Inequality solving involves finding the values that satisfy the given inequalities, which define the range of possible solutions. It's essential to follow a clear step-by-step approach to ensure no possible solutions are omitted.

Let's consider the inequality \( -3 \leq x \leq 2 \) with the additional condition that \( x \) must be a natural number. To solve this, one must first identify the entire set of numbers that \( x \) could represent, which includes all integers from -3 to 2. After this, we filter out those integers that are not natural numbers. Since natural numbers are all positive integers starting from 1, in this specific case, the solutions are limited to the natural numbers within the identified range.
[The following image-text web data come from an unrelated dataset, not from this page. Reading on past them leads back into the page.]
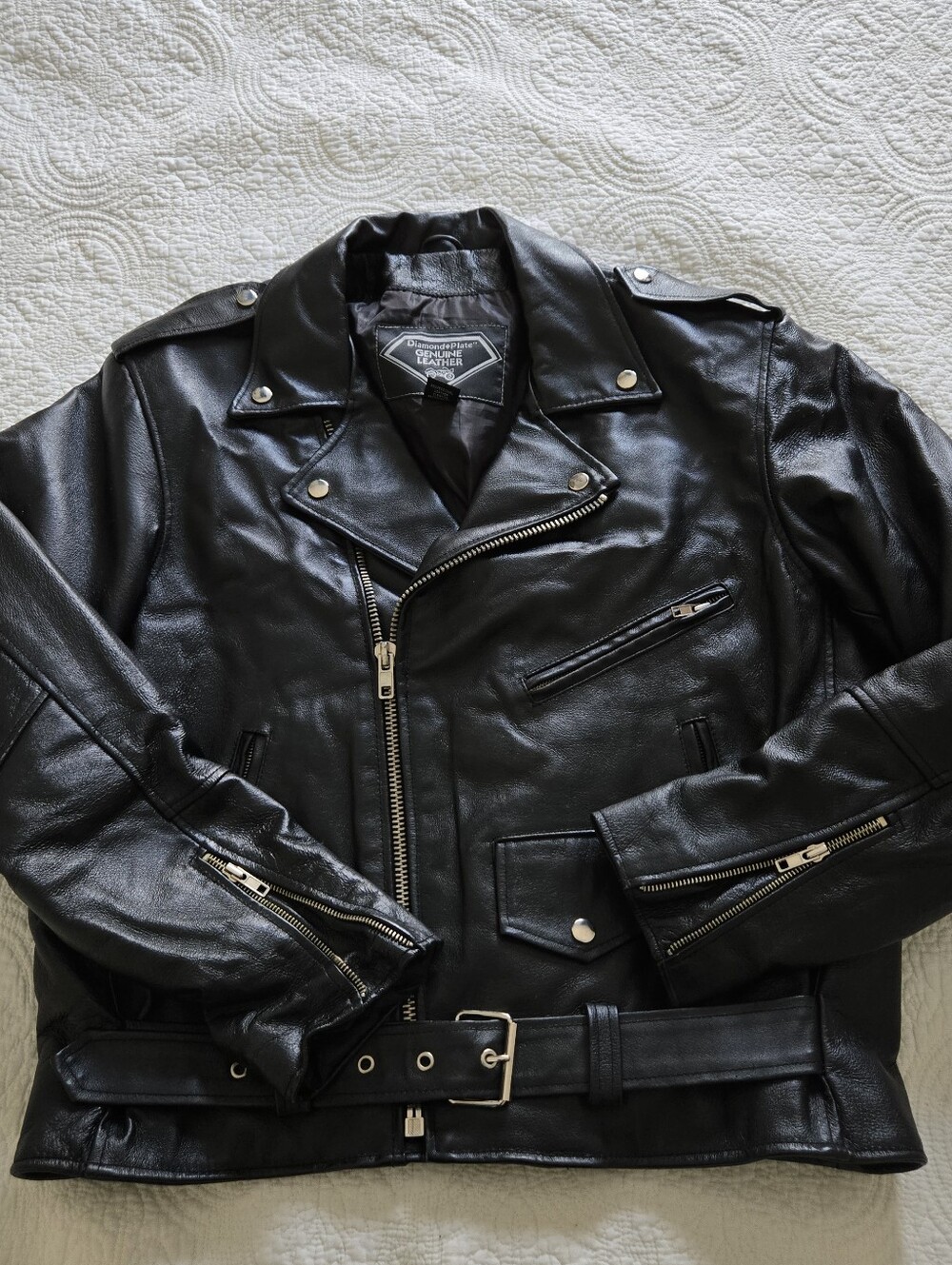 Diamond Plate Genuine Leather Jacket M/L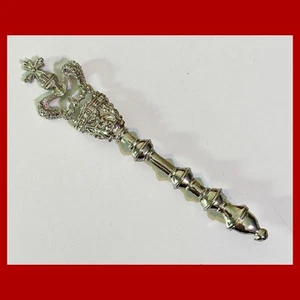 Vintage Scepter Brooch Silver Tone Crown LAPEL or KILT PIN Royal King Queen - Picture 1 of 5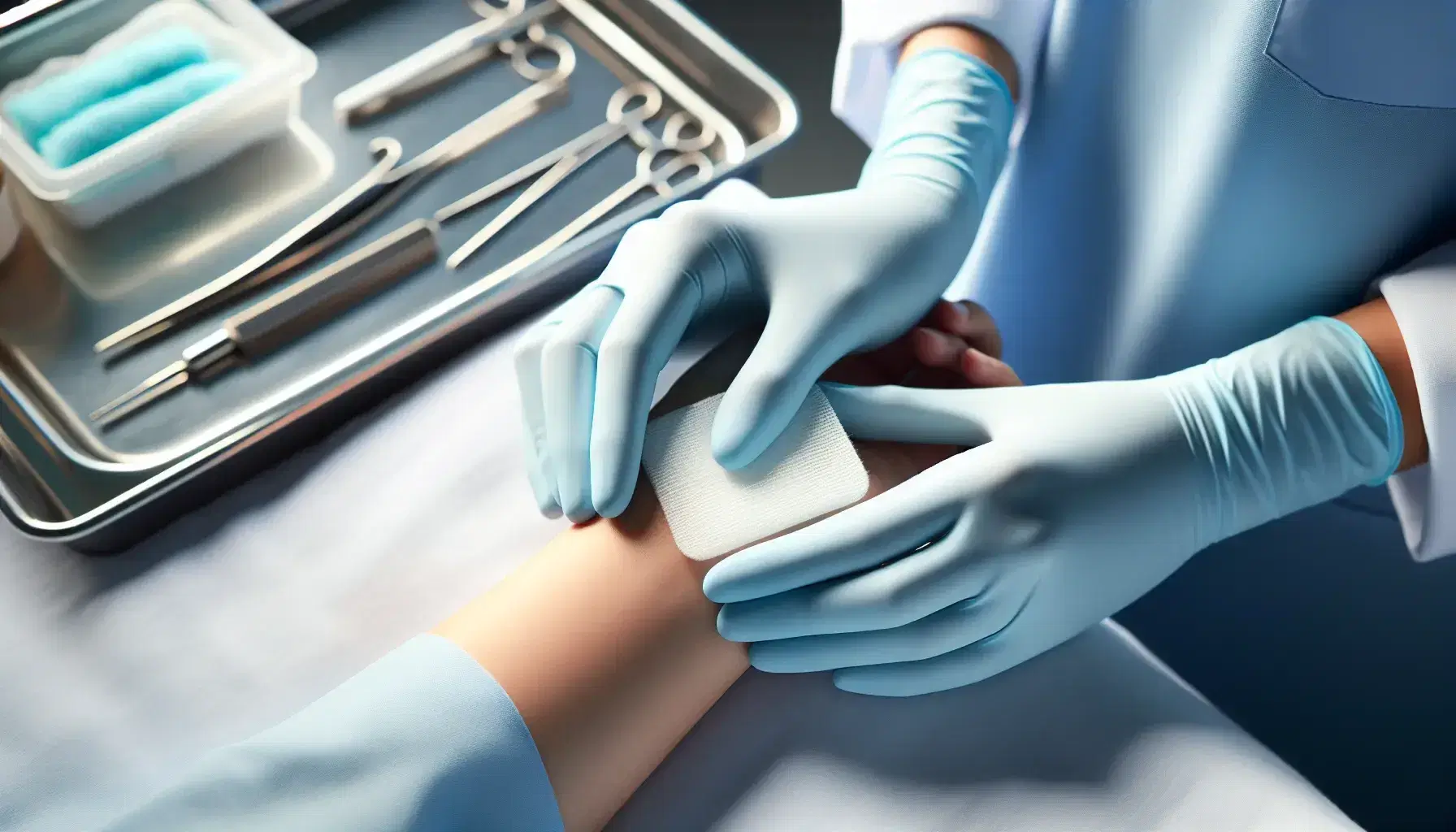 Manos de enfermera con guantes azules aplicando apósito estéril en herida superficial de antebrazo, con instrumental médico desenfocado al fondo.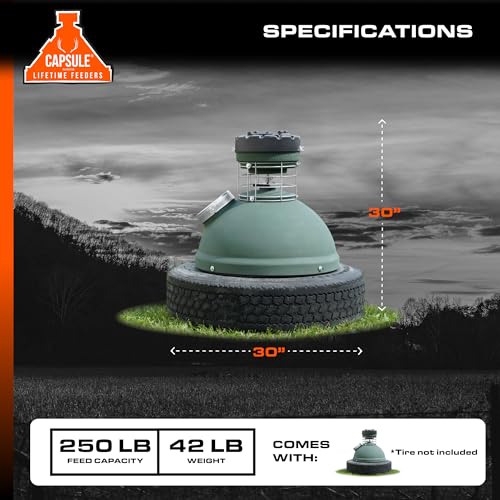 Capsule Game Feeders 250LB Capacity 360-Degree Broadcast Game Feeder Green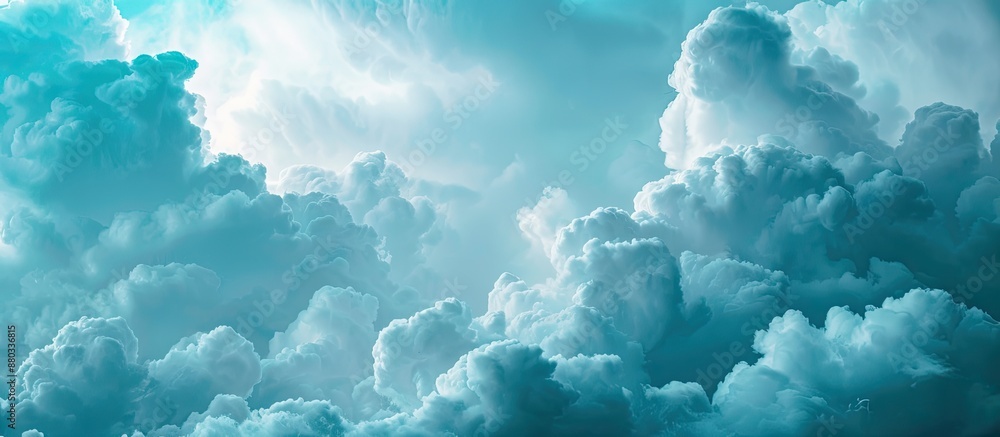 Aufkleber Storm clouds creating a dramatic backdrop in a blue sky with copy space image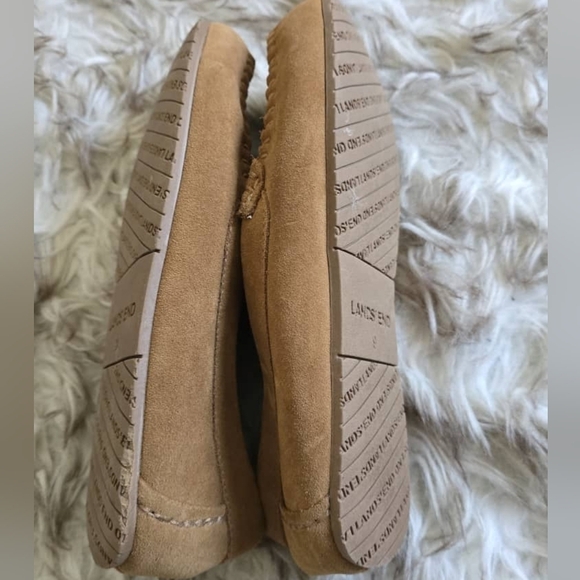 Lands' End Tan Leather Moccasin Suede Shoes Size 9B 🌴✌️ - Picture 8 of 9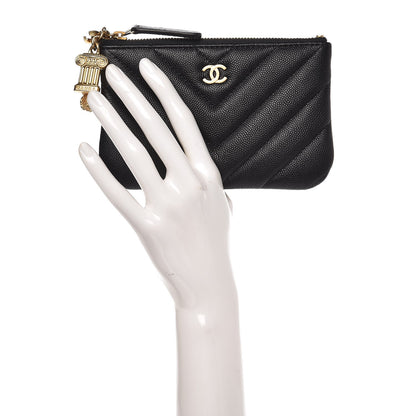 Chanel Caviar Chevron Quilted Small Ancient Greek Charms Cosmetic Case Black 2 of 8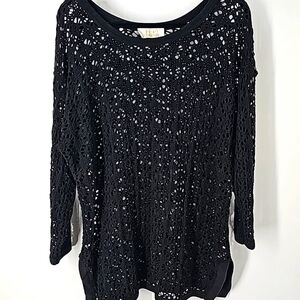 Top Elements Black Loose Knit Crochet Tunic Top 100% Cotton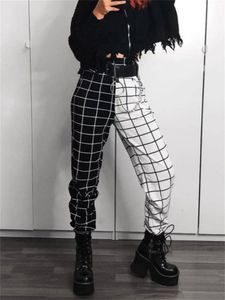 Kadın Pantolon Capris Kadın Moda Uzun Pantolon Dama Tahtası Ekose Yüksek Bel Harem Pantolon Hip Hop Gotik Nedensel Pantolon Harajuku 230615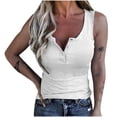 thumbnail image 2 of Spring Tops for Women Homenesgenics Tank Tops for Women Plus Size Sleeveless Buttons Slimming Solid Pullover Vest Blouse Tops White L, 2 of 5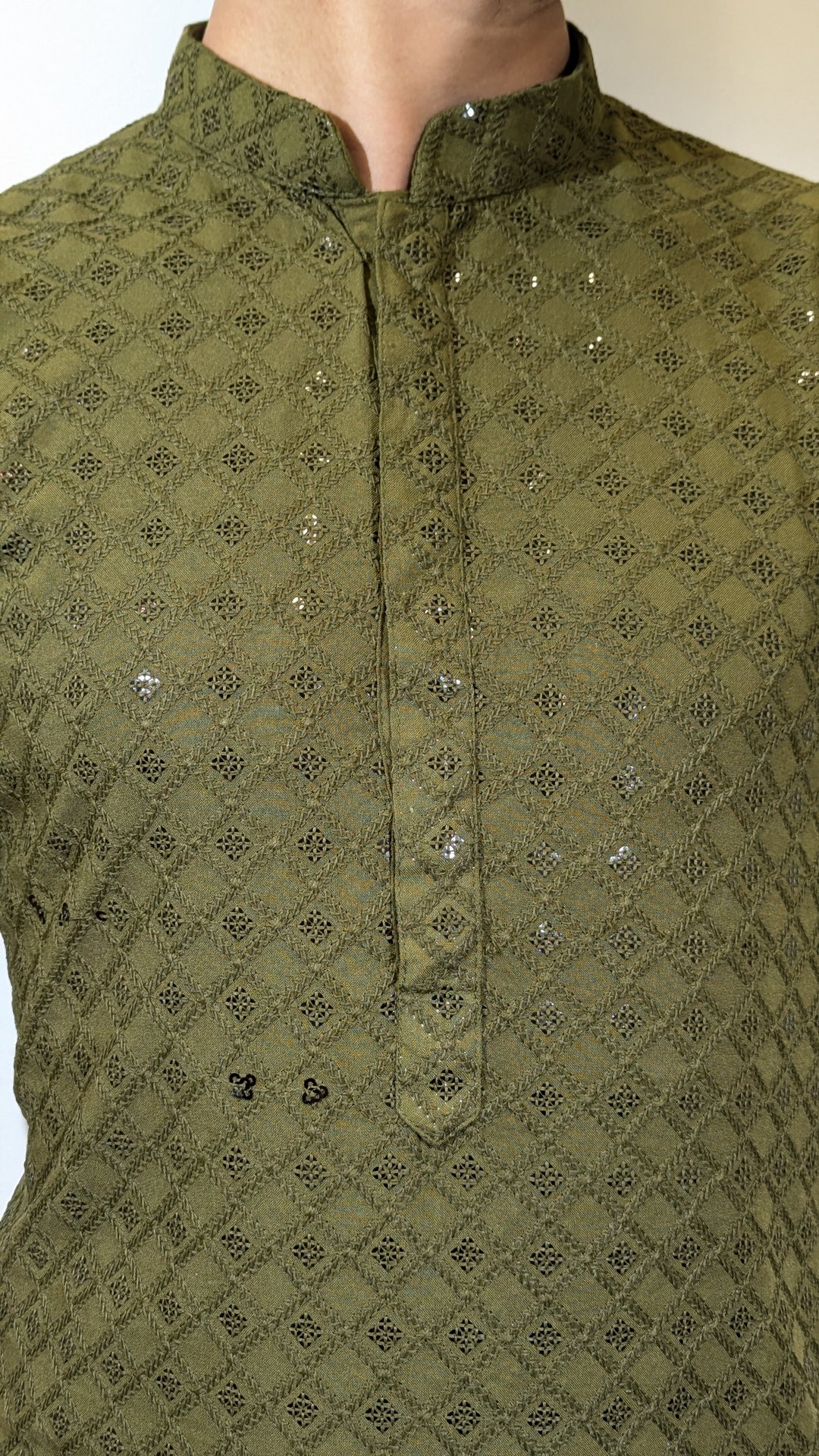 Dark Olive Chikan Kurta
This methodical way of solving inequalities ensures that all solutions are considered and that none are accidentally overlooked.

Natural numbers are the basic building blocks in the world of mathematics, comprising all positive integers starting from 1. These are the numbers we use for counting and ordering objects in our day-to-day lives.

The concept of natural numbers excludes zero (0) and any negative numbers. It's important to remember this, especially when solving inequalities that involve natural numbers. Often, students confuse natural numbers with whole numbers, which include zero. However, for the purpose of solving our given inequality, only positive integers that are greater than zero will qualify as solutions.

A number range specifies the interval between two endpoints, where numbers can lie. The range can include all types of numbers—whole numbers, integers, or even decimals—depending on the context.

When working with inequalities, establishing the number range helps us visualize the potential solutions. In our exercise, the range is initially given by \( -3 \leq x \leq 2 \), which includes both negative and positive integers, as well as zero. As discussed earlier, to meet the natural number criteria, the range is then refined to exclude any non-positives, leaving us with a solution set range of only 1 and 2, which are the natural numbers falling within the original range.